Collected material
- - - - - - -
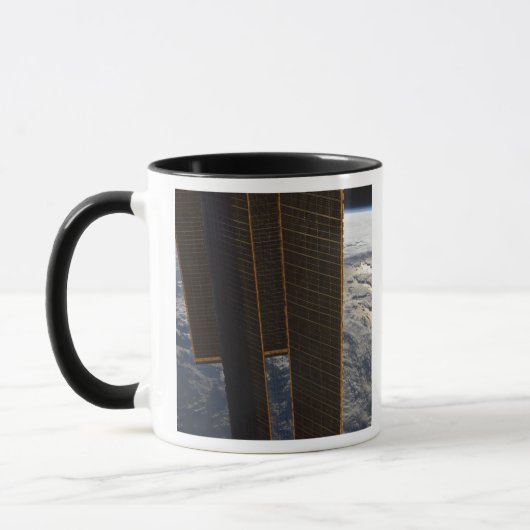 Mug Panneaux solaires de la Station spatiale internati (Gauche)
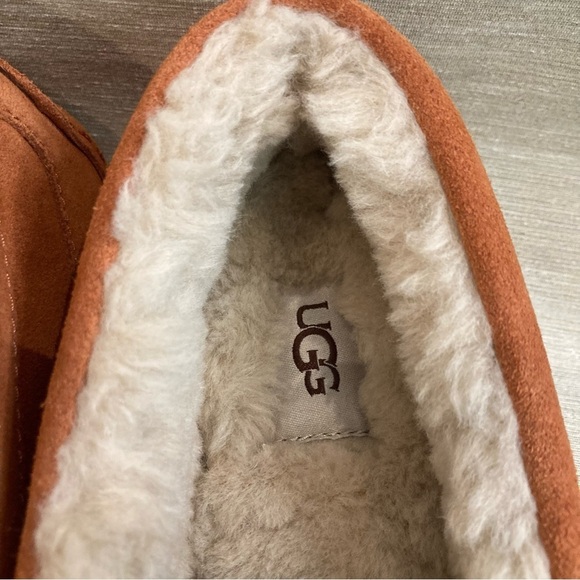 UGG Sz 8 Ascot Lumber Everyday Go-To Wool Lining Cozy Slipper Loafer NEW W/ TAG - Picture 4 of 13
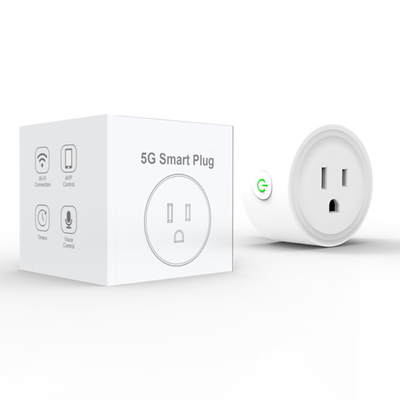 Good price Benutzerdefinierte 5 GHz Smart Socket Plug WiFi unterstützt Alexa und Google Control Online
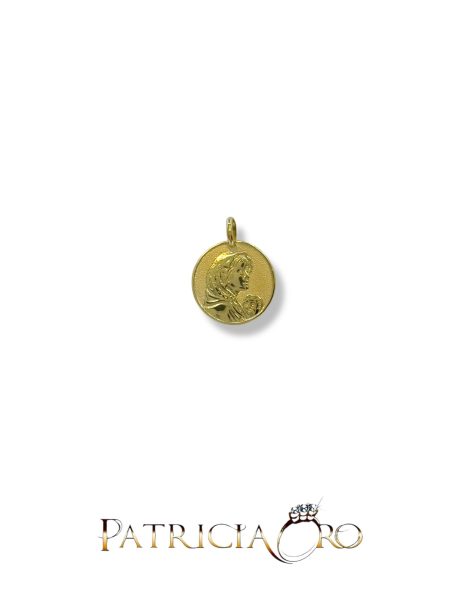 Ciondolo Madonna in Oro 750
- - - - - - -
What belongs in the answer is each line above, reproduced exactly, and no picture.

Problem solution
 Mug Panneaux solaires de la Station spatiale internati (Gauche)
 UGG Sz 8 Ascot Lumber Everyday Go-To Wool Lining Cozy Slipper Loafer NEW W/ TAG - Picture 4 of 13
 Good price Benutzerdefinierte 5 GHz Smart Socket Plug WiFi unterstützt Alexa und Google Control Online
 Ciondolo Madonna in Oro 750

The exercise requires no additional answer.